Every young Mage goes through a final battery of tests before they graduate from university — or exit, in the case of a rare late foundling — during which the full range their abilities are assessed by a special panel of Mage-elders, and they are given a Degree and ranking of their power and skill respectively. Ratings range from one to five, First Degree, First Ranking being the highest attainable. It is possible to overcome a lower initial Degree-ranking with further independent training, or just plain hard experience, and open magery examinations are held annually at the universities in most Regent cities for those wishing to be reevaluated.
A good three quarters of all newly-graduated Mages decide to spend some time in the military, with nearly half of those electing to make a career of it. Fully-trained Mages often make excellent candidates for commissioning; in the current day and age, it is actually quite rare for anyone above the rank of Major to not be a Mage of some ranking. Independent Mages, though, like their counterpart Mediums, have no shortage of employment opportunities outside the usual military roles. They are nearly always welcome among the ranks of law enforcement, and the quick wits developed by years of training translate well to the verbal sparring of politics. It is not unheard of for a Mage to go into the trade of personal security, becoming a guardian of whatever noble or politician can afford the stipend appropriate to their Degree. Unfortunately, other Mages tend to see this form of employ as a waste of ability, unless the charge is one of exceptionally high rank, such as a visiting dignitary or High Council member.

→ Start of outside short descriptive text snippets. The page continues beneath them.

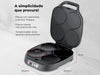 Máquina de Panquecas 4 Cavidades 4906FL FLAMA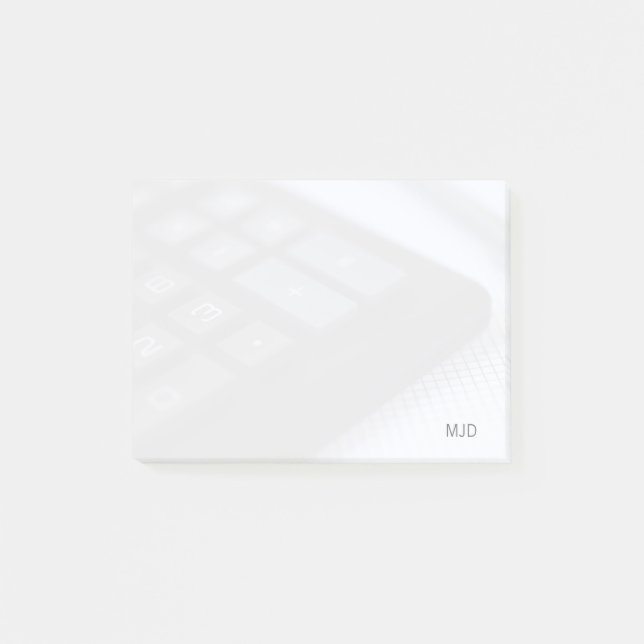 Post-it® Nombre et clés de signature (Devant)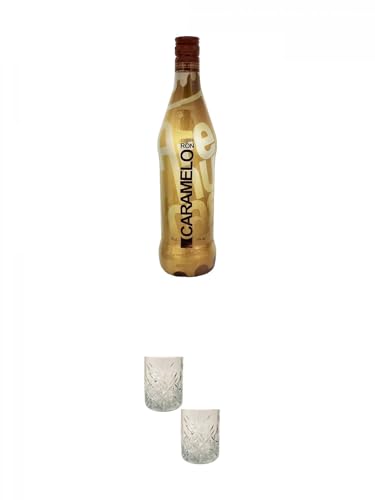 Arehucas Ron Caramelo 0,7 Liter + Rum Gläser 2 Stück Arehucas Ron Caramelo 0,7 Liter + Rum Gläser 2 Stück von 1a Schiefer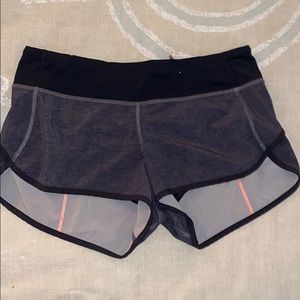 Black/Gray Lululemon Shorts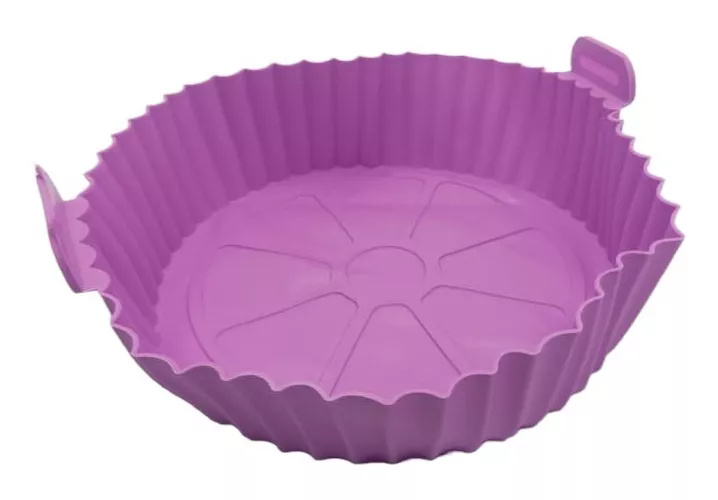 CESTA SILICONA FREIDORA AIRE BANDEJA MORADO CIRCULAR - 1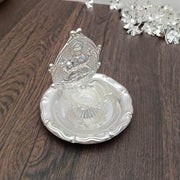onesilver.in Silver Diya GS kamakshi Kamal Round Diya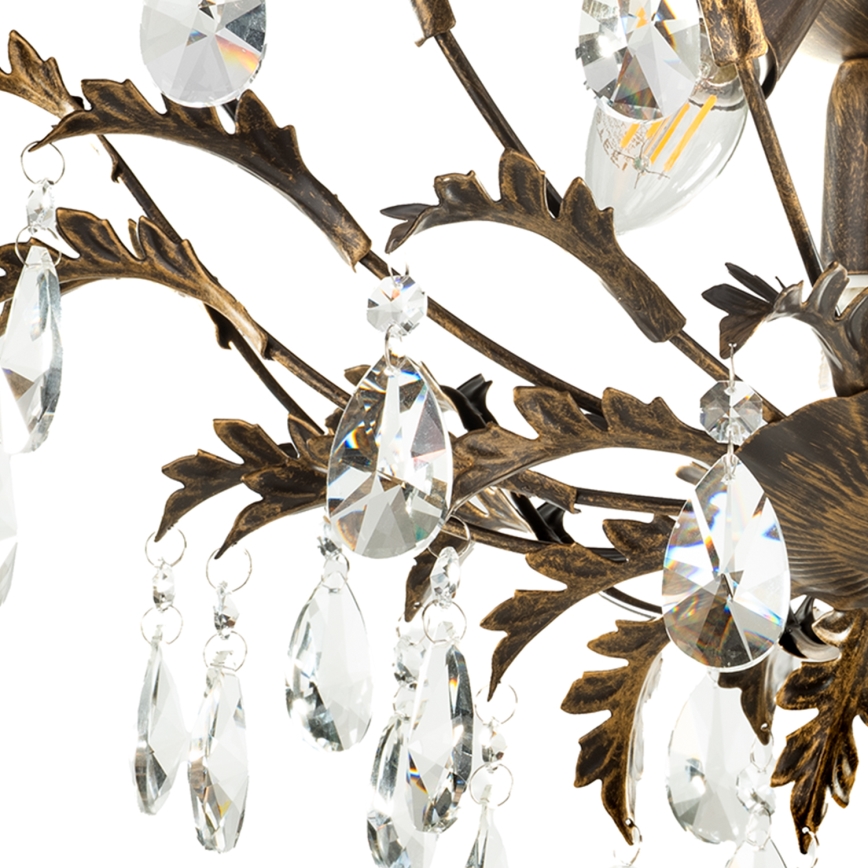 ONLI - Katto­valaisin TERESA 3xE14/6W/230V pronssinvärinen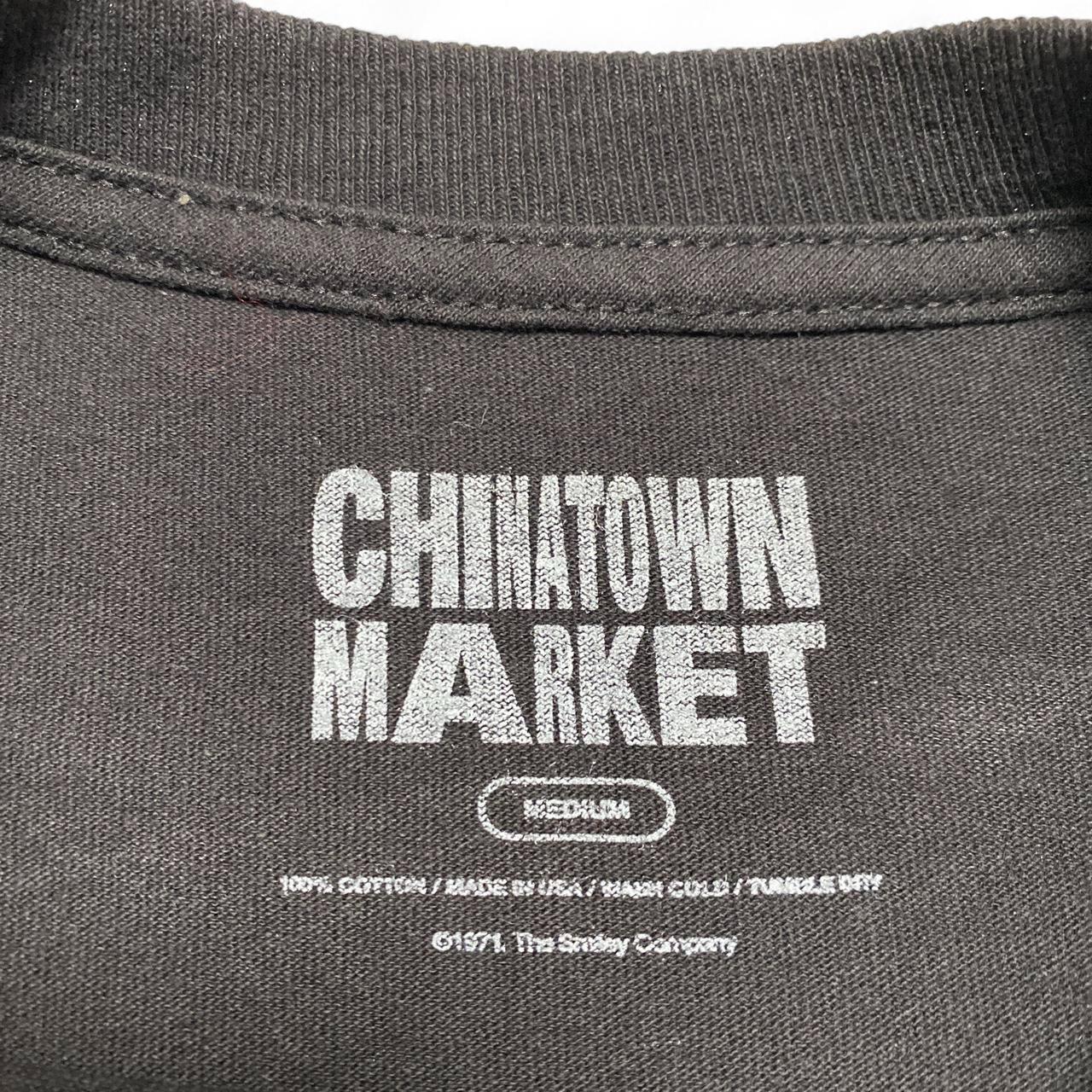 Chinatown Market Mike Tyson Smiley Boxing Black T Shirt (M)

Both the Medium and Mage populations have become subcultures unto themselves over the generations, Mages being occasionally elitist, and Mediums mysterious and insular. Since the first contact with Offworlders, very few individuals from either group have traveled off planet, and every one of them returned, shaken and refusing to ever leave their world again; not because of anything they had seen, but because outside of the static atmosphere of Veridia, the current could not reach them. Mediums traveling star-side found themselves suddenly feeling deaf to their surroundings, and Mages that no current would come when they called, not even their own body’s biocurrent. And all felt the same discomfitting, dull sensation that any common Veridian stellar traveler did, of artificial atmosphere, sterilized of as much residual electricity as possible. And they all came back. Every generation there are a few who decide that they want to explore the stars despite what they have been told, but so far space travel has proven to be too strange and alien a place for Medium or Mage-kind, who seem to lose a little of themselves when they attempt it.